The American Association of Clinical Endocrinologists (AACE) was founded in 1991 by a visionary group of leaders to serve as the active voice for clinical endocrinologists. At the time, clinical endocrinology had no input to the Health Care Financing Administration (HCFA), nor were clinical endocrinologists represented in the health policymaking bodies of most influential physician societies (i.e., American Medical Association and the American College of Physicians - American Society of Internal Medicine).

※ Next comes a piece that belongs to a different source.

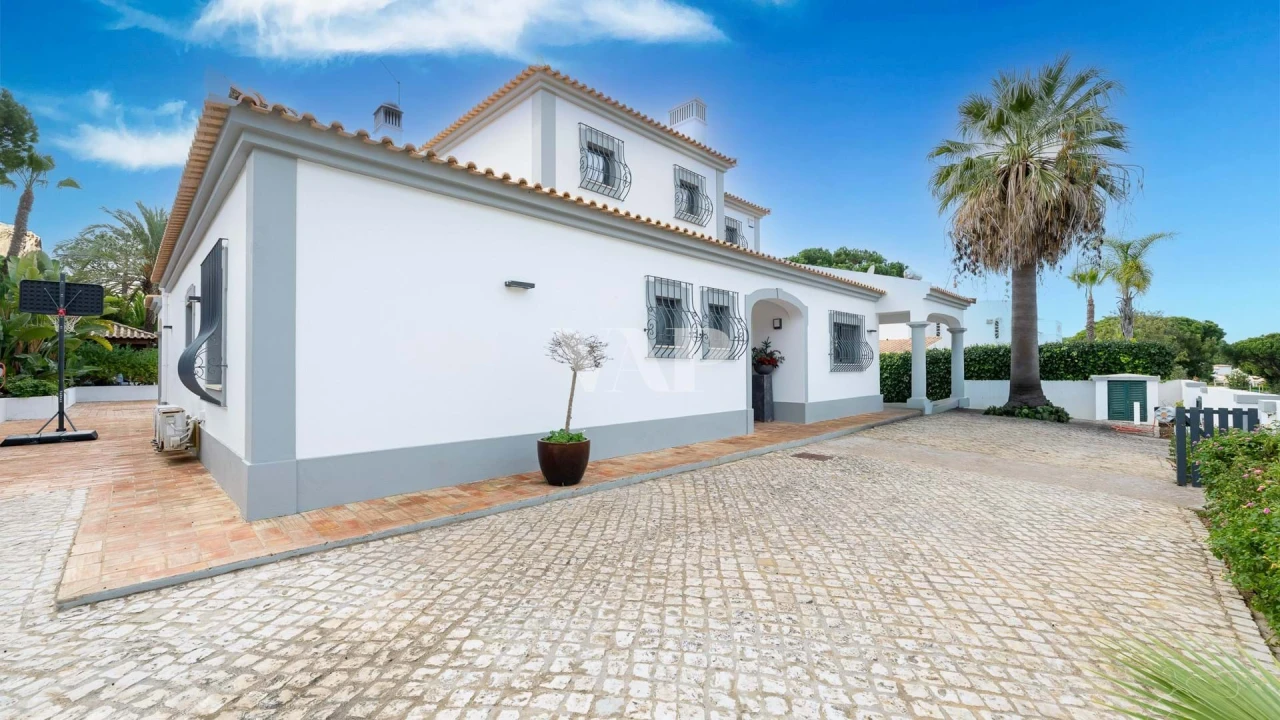 Moradia T4 para Venda em Quarteira Foto 33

To address this need, a steering committee of 26 clinical endocrinologists from across the country accepted responsibility and dedicated a great deal of time and effort to creating AACE. Much care was given to choosing a name in order to reflect the organization's emphasis on providing practicing clinical endocrinologists an avenue for the study of the scientific, social, political, and economic aspects of endocrinology consistent with maintaining the highest levels of patient care and standards of medical practice.

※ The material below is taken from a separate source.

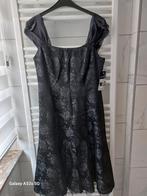 Robe soirée avec doublure neuve  taille 42 pour 40  €, Vêtements | Femmes, Habits de circonstance, Enlèvement ou Envoi, Comme neuf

The impetus behind AACE's efforts has always been quality and cost-effective patient care for those with endocrine diseases and disorders. The need for AACE was evidenced by the phenomenal growth in membership in the first year with the receipt of 1,162 membership applications. In one of its most ambitious undertakings, the founding Board of Directors announced plans for the first AACE Annual Meeting and Clinical Congress to be held in Orlando at the end of April 1992. The Board planned and executed, in less than four months time, a high quality academic program, including clinical and socioeconomic sessions, workshops and national lecturers. Highly respected speakers and workshop leaders were recruited, including Alan R. Nelson, MD, FACE, who was then President of the World Medical Association, Past President of the American Medical Association, and newly-named Executive Vice President of ASIM. Dr. Nelson began a tradition that has continued at the AACE Congress of bringing a leader of organized medicine to focus on major challenges to the profession.
Through the years, AACE has built a strong network of political and professional allies enhancing recognition of its role as the representative of clinical endocrinology around the world. AACE was granted delegate status in the American Medical Association House of Delegates in 1996 and formed the Endocrine Section Council (June 2000) with the American Society of Reproductive Medicine and The Endocrine Society in order to collectively represent the interest of endocrinology in the largest and most influential medical policymaking body in the world. In addition, AACE has established effective liaisons with multiple endocrine-related medical societies domestically (e.g., ADA, TES, ASRM, AAES, ATA, NOF, ISCD, ASBMR, etc.) and continues to build similar relationships on an international scale, including the International Diabetes Federation, the International Congress on Endocrinology, the European Association for the Study of Diabetes and others.
Today, AACE has over 6,000 members in the United States and 91 foreign countries. From its headquarters in Jacksonville, Florida, AACE has reached out to clinical endocrinologists throughout the nation and abroad to enlist their participation in an association dedicated to the principles of patient care, education and clinical research which have made American medicine the world leader. Thousands continue to respond to this call. AACE's continued growth is a testament to the importance of its mission and the need for such an organization now and in the future.
The AACE Board of Directors remains committed to the Association's mission and providing its members with an ever-expanding scope of programs and activities.